Supplied entries:

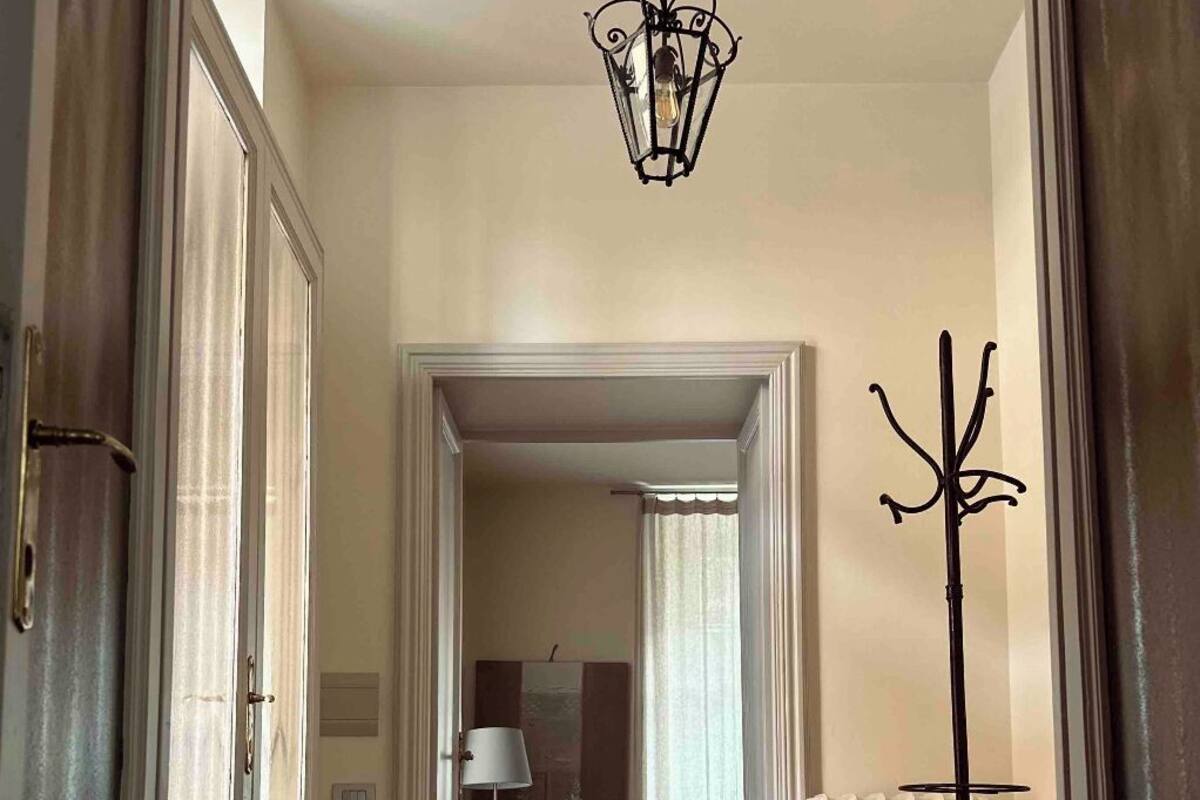 A hallway with patterned flooring, a yellow armchair, a lamp, and a coat rack.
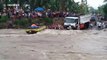 Passengers watch on as bus flips over in raging river in the Philippines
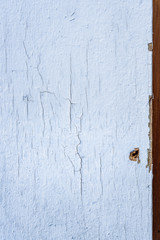Closeup old weathered, and cracked paint, wood siding removed as part of siding project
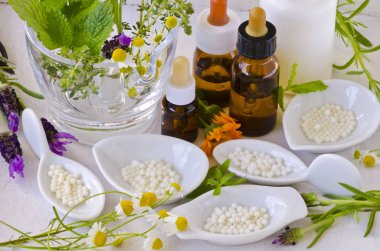 Alternative Medicine. Homeopathy. Globules, essential oils and fresh herbs on white background. clipart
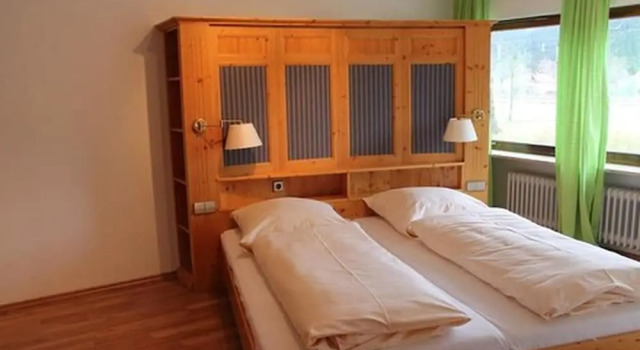Кровать в общем номере Action Forest Hotel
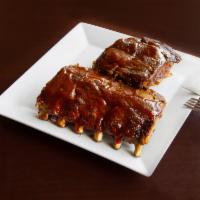 Baby Back BBQ Pork Ribs · Baby back ribs smothered in our House BBQ sauce. Served with potato salad or Coleslaw.  Choo...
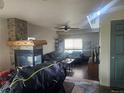 Cozy living room featuring a stone fireplace, beamed mantel, wood floors, and a ceiling fan at 3811 Lisbon Ct, Denver, CO 80249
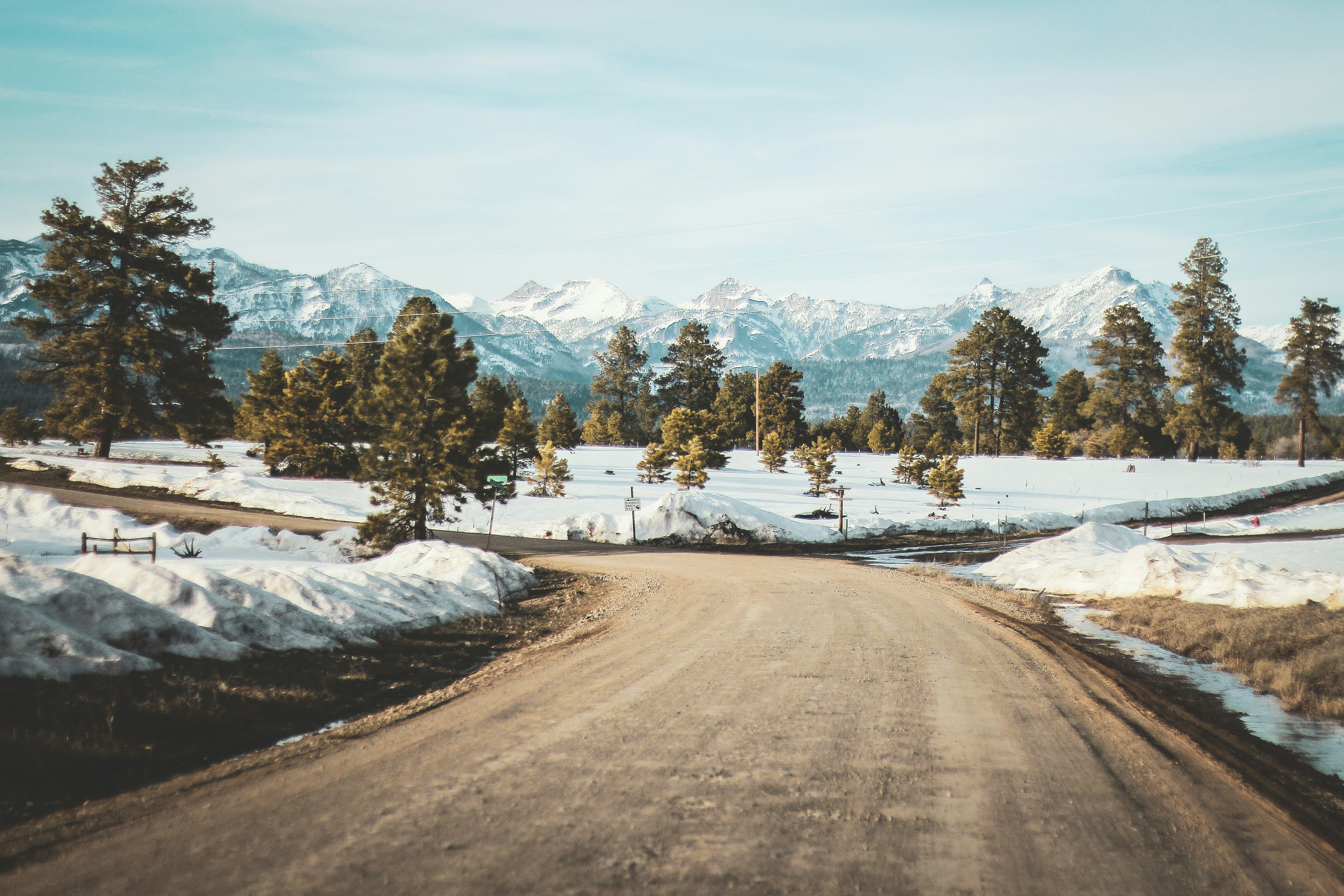 soil road beside snow field, 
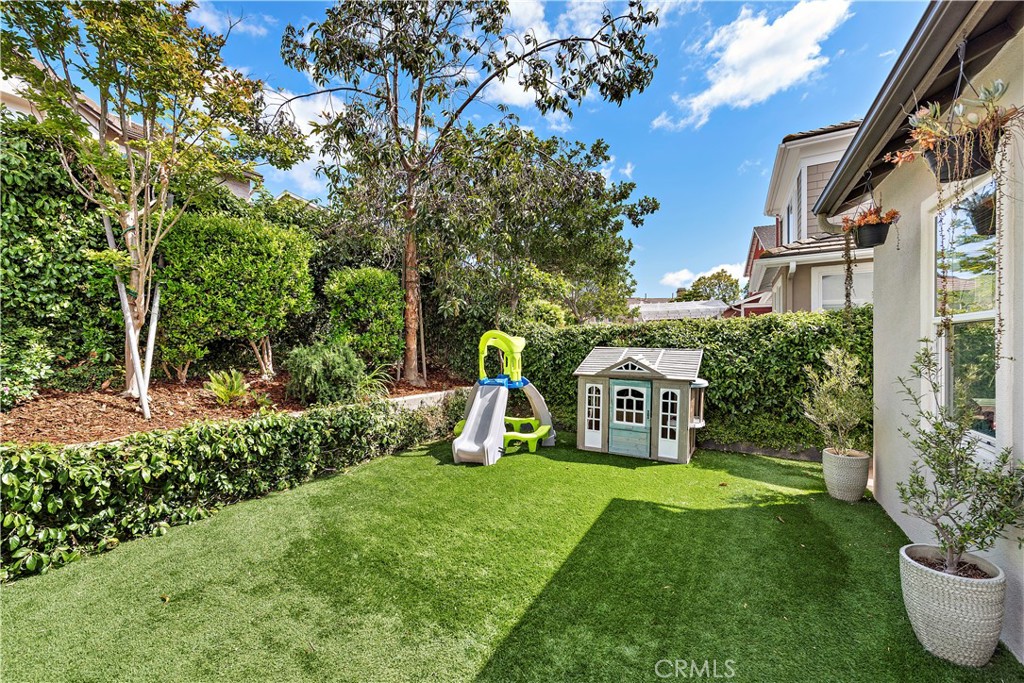 14 Celestine Circle Ladera Ranch, CA 92694 - Photo 36 of 42 a view of a garden with plants and large trees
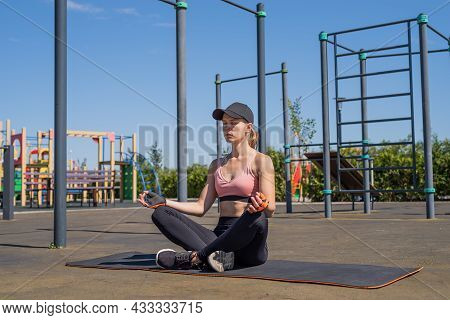 Sportive Woman Working Out On The Sports Ground In Sunny Summer Day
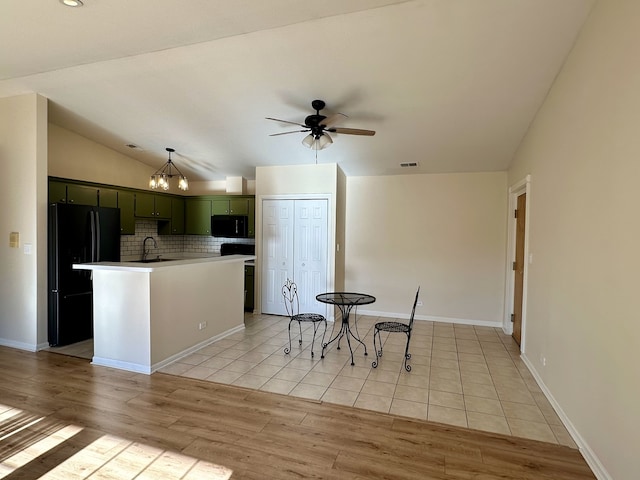 kitchen with light wood-type flooring, green cabinets, black appliances, a center island with sink, and lofted ceiling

What you have to do:
What you return must match, character for character, the lines above from the one with "Passengers watch on" through the one with "Alternative Medicine. Homeopathy.", minus any pictures.

Completed exercise:
 Passengers watch on as bus flips over in raging river in the Philippines
Closeup old weathered, and cracked paint, wood siding removed as part of siding project
 Alternative Medicine. Homeopathy. Globules, essential oils and fresh herbs on white background. clipart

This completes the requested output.